Word-for-word transcription needed. Include every entry below but no pictures.

▬▬▬

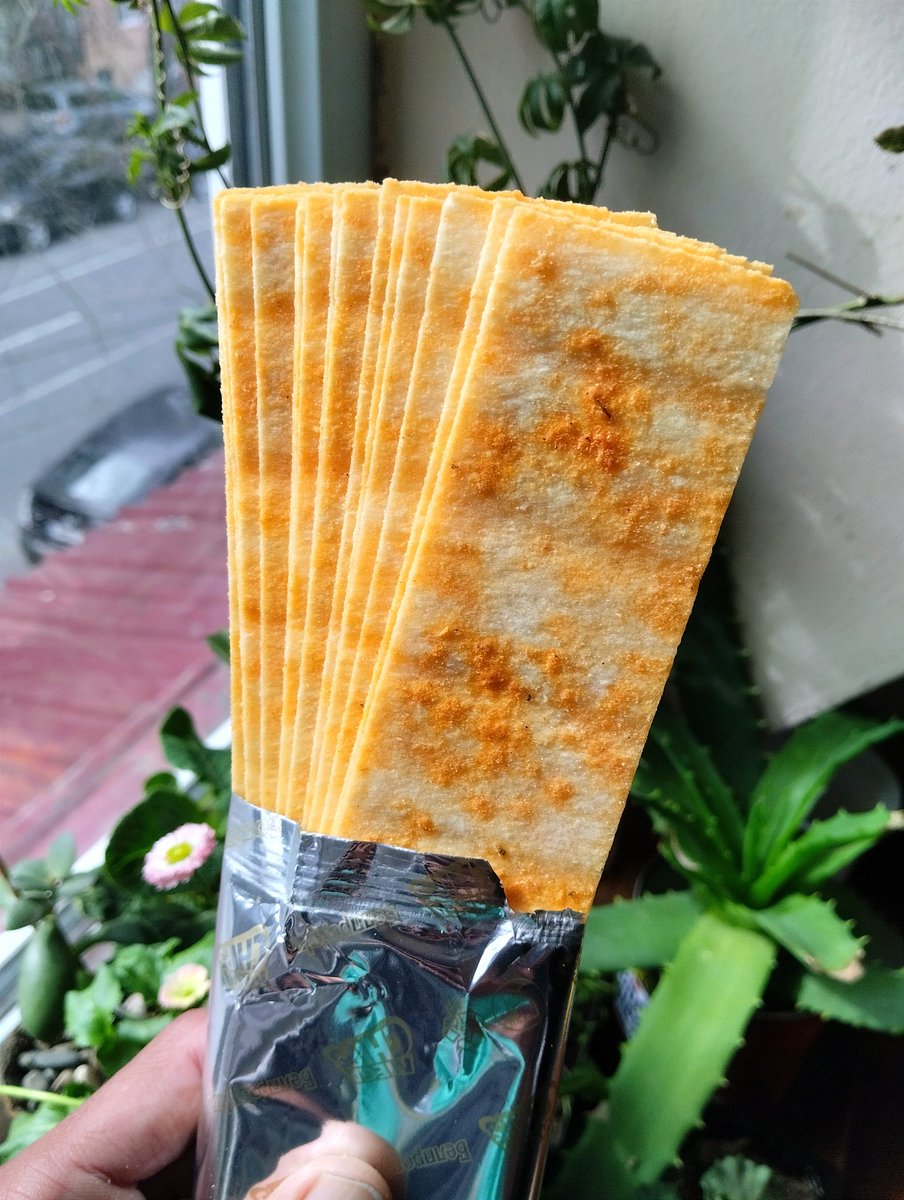 ポテチ＝袋にすかすかに入った円形のもの」と思ってる資本主義的先入観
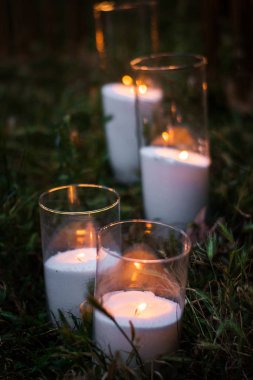 Düğün iç mimarisi fotoğraf bölgesi doğası çiçek buketi mumlar kemer şeklinde güller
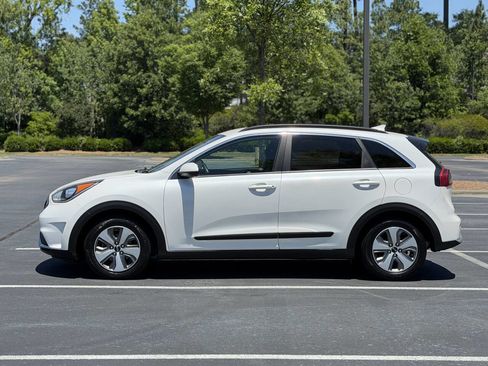 Used 2018 Kia Niro LX FWD image 4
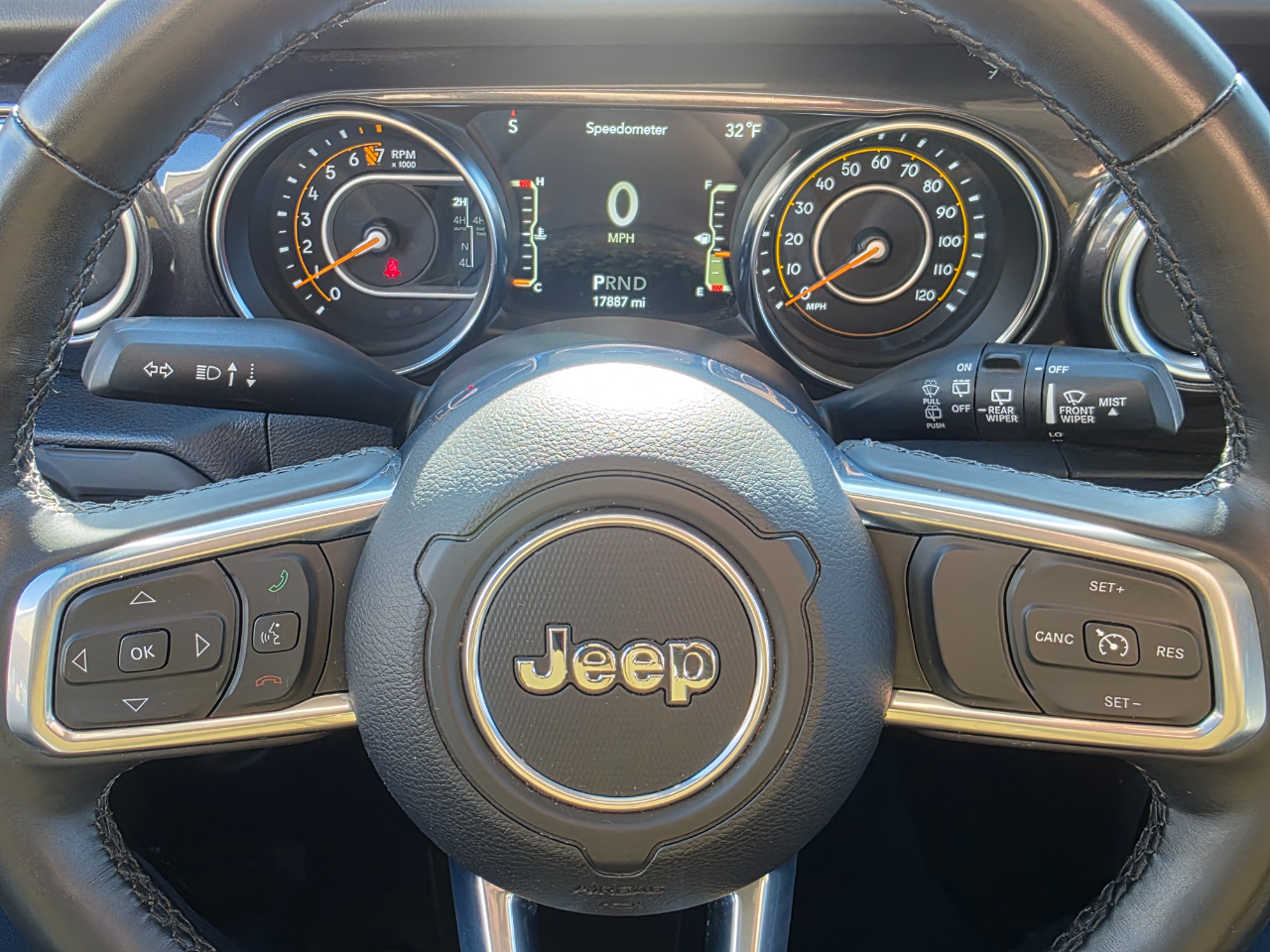 Jeep Wrangler Unlimited Sahara Altitude 2022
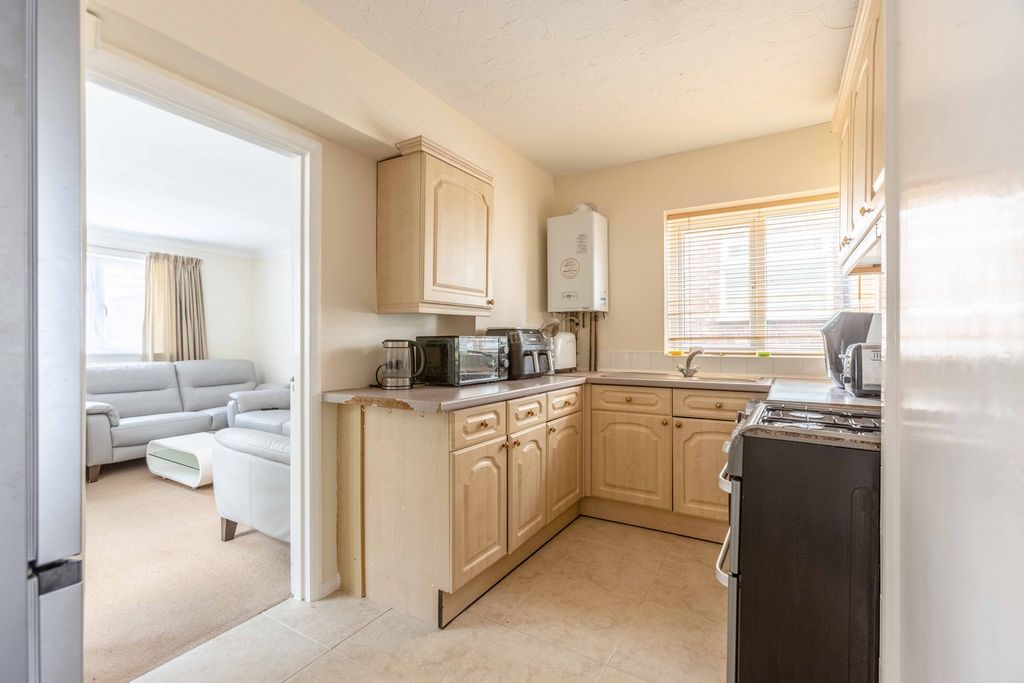 Property photo 3 of 12
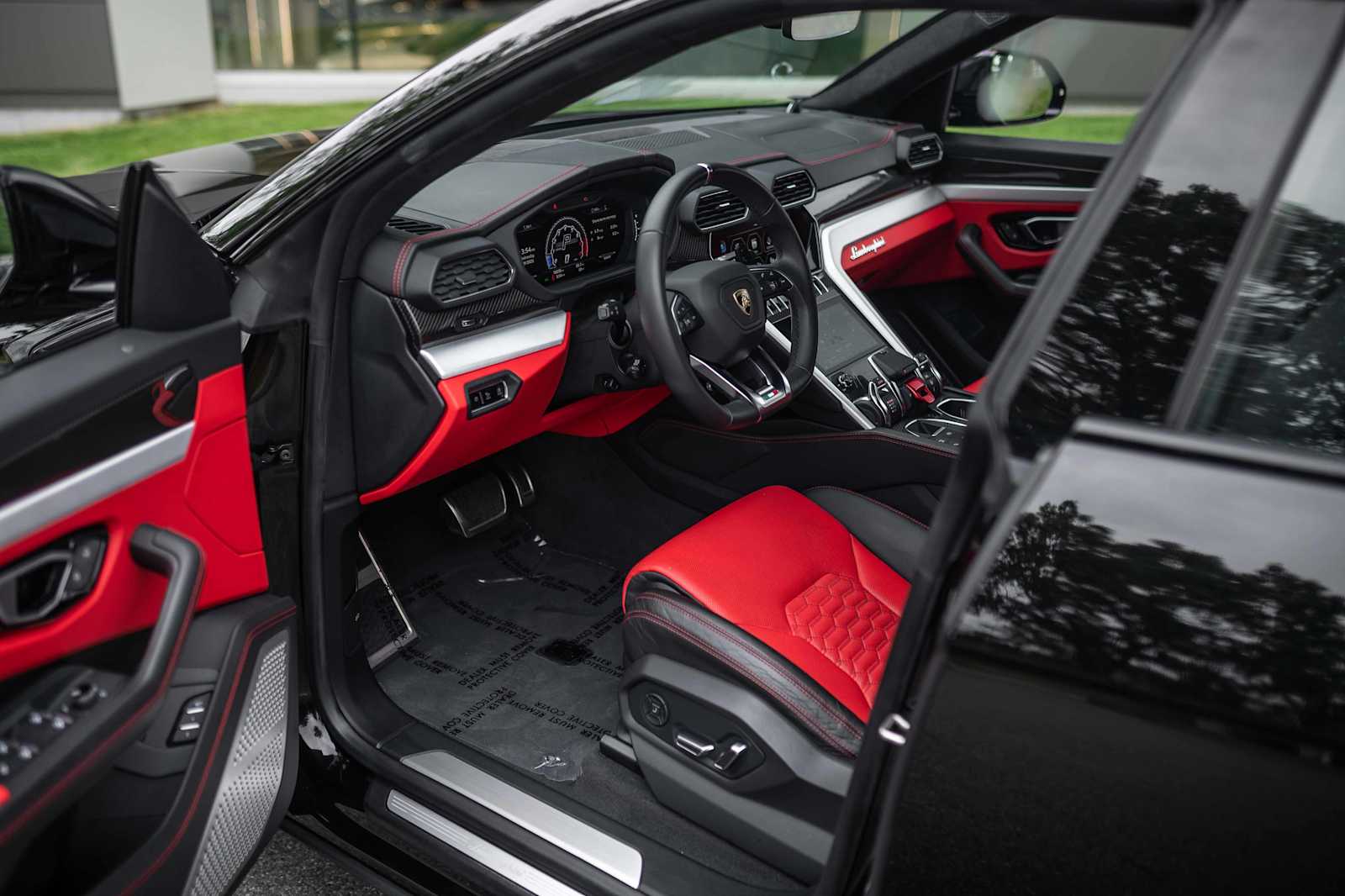 used 2021 Lamborghini Urus car, priced at $204,498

▬▬▬

◆ **EXERCISE OUTPUT**
 ポテチ＝袋にすかすかに入った円形のもの」と思ってる資本主義的先入観
 Düğün iç mimarisi fotoğraf bölgesi doğası çiçek buketi mumlar kemer şeklinde güller
 Used 2018 Kia Niro LX FWD image 4
 Jeep Wrangler Unlimited Sahara Altitude 2022
 Property photo 3 of 12
 used 2021 Lamborghini Urus car, priced at $204,498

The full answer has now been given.